Given entries -
****
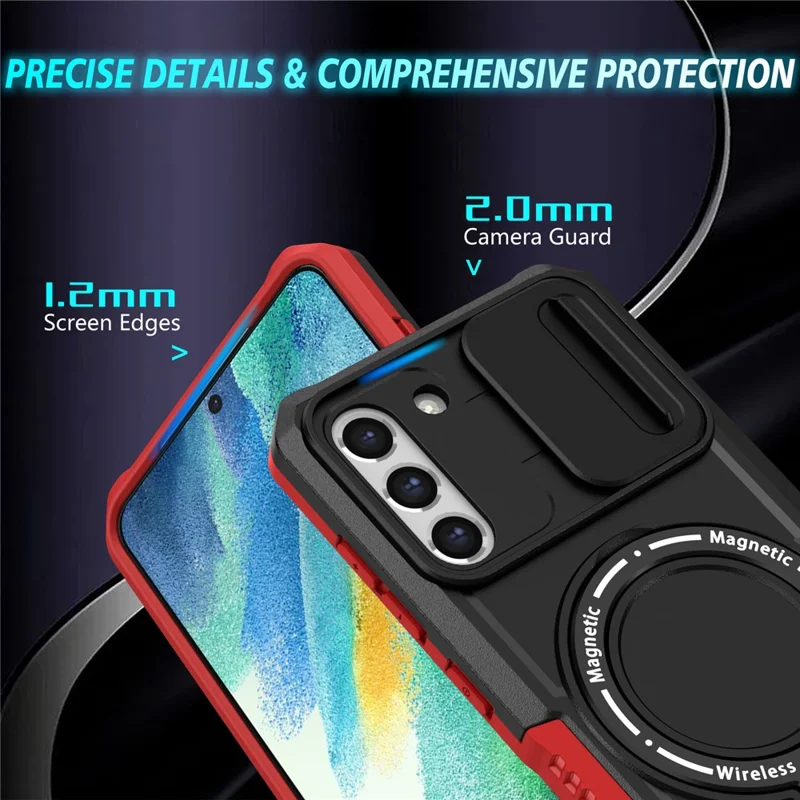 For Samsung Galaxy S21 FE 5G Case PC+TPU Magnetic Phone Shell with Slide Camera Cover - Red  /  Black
****
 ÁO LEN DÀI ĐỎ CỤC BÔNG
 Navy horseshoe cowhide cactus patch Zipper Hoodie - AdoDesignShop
****
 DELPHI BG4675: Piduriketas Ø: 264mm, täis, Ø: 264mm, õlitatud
****
Instructions to follow - Your answer should be the exact lines above from the one with "ÁO LEN DÀI ĐỎ CỤC BÔNG" through the one with "Navy horseshoe cowhide", both included, and nothing besides.

Written answer -
 ÁO LEN DÀI ĐỎ CỤC BÔNG
 Navy horseshoe cowhide cactus patch Zipper Hoodie - AdoDesignShop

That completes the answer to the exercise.